Why do you need to resort to hyperbole to try to paint me as a conspiracy theorist? I have made no claims that remotely resemble that.
I’m saying that the supreme court is a product of the society it functions in. It isn’t completely beholden to the whim of society, but on broad issues, it generally will reflect the sentiment of its contemporary society. But it is a slave to precedent too. The expansion of our government came gradually at first - powers were used that were arguably not granted by the constitution, and no one raised too big a fuss, and that set a precedent for the next greater abuse to be accepted. Lawmakers always go in the way of growing more government, and public sentiment either supported it or did not object too harshly, and so we gradually moved further and further away from using the constitution as a guiding document. You make it sound like I’m alleging a smokey room with guys with handlebar mustaches, and I’m not.

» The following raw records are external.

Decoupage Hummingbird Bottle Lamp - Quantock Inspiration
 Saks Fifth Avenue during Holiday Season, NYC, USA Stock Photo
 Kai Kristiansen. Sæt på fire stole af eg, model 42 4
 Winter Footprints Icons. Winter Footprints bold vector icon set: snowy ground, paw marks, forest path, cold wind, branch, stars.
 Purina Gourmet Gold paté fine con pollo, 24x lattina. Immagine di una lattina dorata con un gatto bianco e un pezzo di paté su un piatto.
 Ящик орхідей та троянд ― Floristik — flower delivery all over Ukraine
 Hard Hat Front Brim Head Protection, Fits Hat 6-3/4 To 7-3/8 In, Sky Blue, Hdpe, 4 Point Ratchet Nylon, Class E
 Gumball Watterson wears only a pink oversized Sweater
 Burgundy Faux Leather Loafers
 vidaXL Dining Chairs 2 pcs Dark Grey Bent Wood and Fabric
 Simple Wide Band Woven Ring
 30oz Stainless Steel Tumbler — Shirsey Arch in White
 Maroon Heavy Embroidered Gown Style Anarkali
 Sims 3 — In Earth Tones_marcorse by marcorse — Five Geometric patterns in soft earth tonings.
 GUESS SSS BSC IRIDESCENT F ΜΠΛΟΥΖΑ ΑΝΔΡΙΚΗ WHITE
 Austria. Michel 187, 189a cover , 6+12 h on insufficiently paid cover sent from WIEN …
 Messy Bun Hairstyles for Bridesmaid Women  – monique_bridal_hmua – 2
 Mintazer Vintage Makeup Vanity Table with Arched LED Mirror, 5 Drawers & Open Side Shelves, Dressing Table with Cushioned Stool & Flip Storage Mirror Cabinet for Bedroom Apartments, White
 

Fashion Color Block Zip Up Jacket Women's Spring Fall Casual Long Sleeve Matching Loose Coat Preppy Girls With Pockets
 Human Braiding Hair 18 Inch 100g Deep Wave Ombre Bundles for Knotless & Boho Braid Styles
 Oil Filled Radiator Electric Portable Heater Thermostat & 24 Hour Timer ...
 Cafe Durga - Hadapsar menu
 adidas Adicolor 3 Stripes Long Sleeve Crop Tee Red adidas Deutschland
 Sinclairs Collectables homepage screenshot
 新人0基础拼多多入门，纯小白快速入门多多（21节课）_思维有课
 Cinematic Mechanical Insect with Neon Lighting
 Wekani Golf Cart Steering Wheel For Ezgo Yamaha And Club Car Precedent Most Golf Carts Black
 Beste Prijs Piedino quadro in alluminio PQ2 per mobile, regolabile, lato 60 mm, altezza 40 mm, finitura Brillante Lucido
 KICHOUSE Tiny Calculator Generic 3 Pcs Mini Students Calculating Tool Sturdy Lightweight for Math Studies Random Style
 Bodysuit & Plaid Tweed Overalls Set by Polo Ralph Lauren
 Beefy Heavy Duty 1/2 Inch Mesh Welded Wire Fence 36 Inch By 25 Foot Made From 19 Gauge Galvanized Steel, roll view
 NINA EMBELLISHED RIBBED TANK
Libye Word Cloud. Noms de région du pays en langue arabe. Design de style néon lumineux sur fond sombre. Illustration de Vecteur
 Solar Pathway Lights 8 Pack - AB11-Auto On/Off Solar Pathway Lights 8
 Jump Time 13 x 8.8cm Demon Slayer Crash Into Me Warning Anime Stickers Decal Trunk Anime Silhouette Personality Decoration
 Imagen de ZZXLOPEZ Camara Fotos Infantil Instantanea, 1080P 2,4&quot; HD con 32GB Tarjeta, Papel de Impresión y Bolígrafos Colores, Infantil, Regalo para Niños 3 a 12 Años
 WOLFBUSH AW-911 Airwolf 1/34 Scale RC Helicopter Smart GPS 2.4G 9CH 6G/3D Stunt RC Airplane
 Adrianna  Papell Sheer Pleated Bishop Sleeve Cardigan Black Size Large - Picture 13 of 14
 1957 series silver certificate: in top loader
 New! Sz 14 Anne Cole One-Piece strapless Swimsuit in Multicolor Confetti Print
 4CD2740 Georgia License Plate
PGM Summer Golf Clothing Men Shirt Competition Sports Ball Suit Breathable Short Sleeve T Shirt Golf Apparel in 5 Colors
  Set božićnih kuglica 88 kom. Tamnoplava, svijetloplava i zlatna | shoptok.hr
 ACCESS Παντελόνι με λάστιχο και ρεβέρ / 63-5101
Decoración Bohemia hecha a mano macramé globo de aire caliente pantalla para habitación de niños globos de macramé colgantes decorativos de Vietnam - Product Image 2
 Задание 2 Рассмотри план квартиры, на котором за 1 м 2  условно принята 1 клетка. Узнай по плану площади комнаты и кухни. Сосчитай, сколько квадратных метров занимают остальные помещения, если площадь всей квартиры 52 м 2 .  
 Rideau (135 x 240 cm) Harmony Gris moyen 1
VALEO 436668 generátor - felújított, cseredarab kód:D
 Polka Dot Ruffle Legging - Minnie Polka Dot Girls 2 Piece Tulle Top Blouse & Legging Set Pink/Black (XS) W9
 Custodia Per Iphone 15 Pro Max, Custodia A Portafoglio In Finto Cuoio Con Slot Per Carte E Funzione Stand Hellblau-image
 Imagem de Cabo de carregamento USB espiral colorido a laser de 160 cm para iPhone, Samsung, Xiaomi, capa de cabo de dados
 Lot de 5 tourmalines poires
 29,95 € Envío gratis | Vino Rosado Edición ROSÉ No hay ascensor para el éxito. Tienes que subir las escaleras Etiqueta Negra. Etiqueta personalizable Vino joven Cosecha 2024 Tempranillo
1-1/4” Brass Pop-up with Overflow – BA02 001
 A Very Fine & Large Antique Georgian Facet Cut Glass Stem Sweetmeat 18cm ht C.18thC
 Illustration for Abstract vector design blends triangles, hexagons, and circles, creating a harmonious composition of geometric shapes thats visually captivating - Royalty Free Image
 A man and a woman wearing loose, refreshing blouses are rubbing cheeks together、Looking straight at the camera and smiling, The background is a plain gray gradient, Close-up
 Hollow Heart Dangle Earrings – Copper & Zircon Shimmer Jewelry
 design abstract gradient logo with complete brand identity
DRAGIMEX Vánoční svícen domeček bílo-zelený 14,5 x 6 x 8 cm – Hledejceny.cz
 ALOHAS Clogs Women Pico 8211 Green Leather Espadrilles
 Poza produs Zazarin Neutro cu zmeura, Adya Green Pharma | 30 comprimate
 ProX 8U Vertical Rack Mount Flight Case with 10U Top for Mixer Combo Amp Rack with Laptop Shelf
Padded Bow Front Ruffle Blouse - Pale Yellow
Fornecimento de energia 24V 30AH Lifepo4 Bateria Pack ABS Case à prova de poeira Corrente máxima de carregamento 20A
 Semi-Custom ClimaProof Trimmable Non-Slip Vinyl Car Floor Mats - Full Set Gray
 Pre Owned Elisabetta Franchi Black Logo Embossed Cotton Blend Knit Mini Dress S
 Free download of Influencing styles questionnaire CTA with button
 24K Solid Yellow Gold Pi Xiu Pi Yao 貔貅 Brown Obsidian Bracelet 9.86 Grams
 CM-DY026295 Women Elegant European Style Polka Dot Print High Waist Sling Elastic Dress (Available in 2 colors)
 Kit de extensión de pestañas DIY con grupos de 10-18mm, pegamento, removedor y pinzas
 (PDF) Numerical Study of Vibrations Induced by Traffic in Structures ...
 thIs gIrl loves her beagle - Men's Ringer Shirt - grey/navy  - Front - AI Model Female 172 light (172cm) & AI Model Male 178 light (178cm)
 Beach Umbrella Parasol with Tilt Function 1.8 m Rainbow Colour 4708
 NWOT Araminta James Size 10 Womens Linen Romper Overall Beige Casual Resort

I think that’s out of the scope of this thread.
This just demonstrates your ignorance. The primary purpose of the constitution when it was written was not to be a list of specific things the government could not do, but rather a specific list of the things the government could do. Many people involved in the constitutional debates objected to adding the bill of rights to the constitution - exactly for this reason, because people would grow to think that the only rights they had were the ones explicitly spelled out, and that if the government wasn’t violating those then they were okay as far as the constitution goes. The tenth amendment was written specifically to allay these fears, but no one seems to think that one has any meaning.
That you think it’s “unique and abnormally limited” that I would call a law that isn’t authorized by the constitution unconstitutional just shows that we largely ignore the constitution. That you don’t understand that the document explicitly lists powers given to the federal government is exactly my point.
Straw man. I claim no special knowledge. It’s entirely clear that over the last 200 years our politics have changed dramatically and we now operate well outside the bounds of what those who wrote the constitution had intended. I mean - look at how they ran the government in the first years of the country - many of the people who governed were also designers of the constitution. Is it not plainly obvious that our modern government is dramatically different in scope and power to theirs?
Actually - it’s been a while since I’ve read the whole thing - is there a specific part that spells out that the supreme court has the duty and authority to interpret the constitution?
You badgered for a bill, so I gave one. The omnibus appropriations bill of 2009. This line of argumentation is irrelevant - it’s minutia. But I went through the first few seconds of the bill and listed parts that were clearly outside the power granted to congress by article 1 of the constitution. The rest of your sentence is nonsensical - I was responding to what someone asked I thought “general welfare” meant.
It wasn’t a cite. I wasn’t backing up facts. I thought it was a good read because it fleshes out part of my position. I originally was only going to post the Jefferson quote, but the whole paragraph that surrounded it stated my case fairly well.
The supreme court interprets the constitution in line with what society deems to be desirable government at the time of the case in question, in conjunction with precedent set before them. So their interpretations of what it is will be a product of the time and society they live in.
The constitution outlines an extremely limited federal government, almost libertarian. And most people simply would not like a libertarian government - they like having a big nanny state, or at least they’re apathetic enough to let the politicians run wild without interference. So a supreme court that wished to enforce the intent of the constitution would be running afoul of the desires of society - and that may work on some specific issues, but not on broad issues like the scope and power of government.
I mean - look at the rulings the supreme court made on the issues of constitutionality in the early 1800s compared to today. Different, right? And yet they were interpreting the same document. So clearly the interpretation of the supreme court on constitutionality is not some timeless fact - it is political expediency combined with some ideology.
So then where is the supposed cognitive dissonance in believing that the intent of the constitution at the time of its writing is different than the modern interpretation by a supreme court living in a completely different society? And many members on the court openly admit to believing it’s a living document - which is to say that they know they’re twisting its meaning to fit the needs of society in their times.
To make an extreme example to demonstrate this disconnect - imagine years down the road the country became far more of a police state but still gave lip service to the constitution. And they instituted a policy that only state-approved press members could report the news. And the supreme court of the time approved that interpretation. And people said “but this is a clear violation of the first amendment!”… would you then say “haha, you idiot, no it’s not - the supreme court decides that, and clearly since they say it’s alright, then that’s what the first amendment means!”?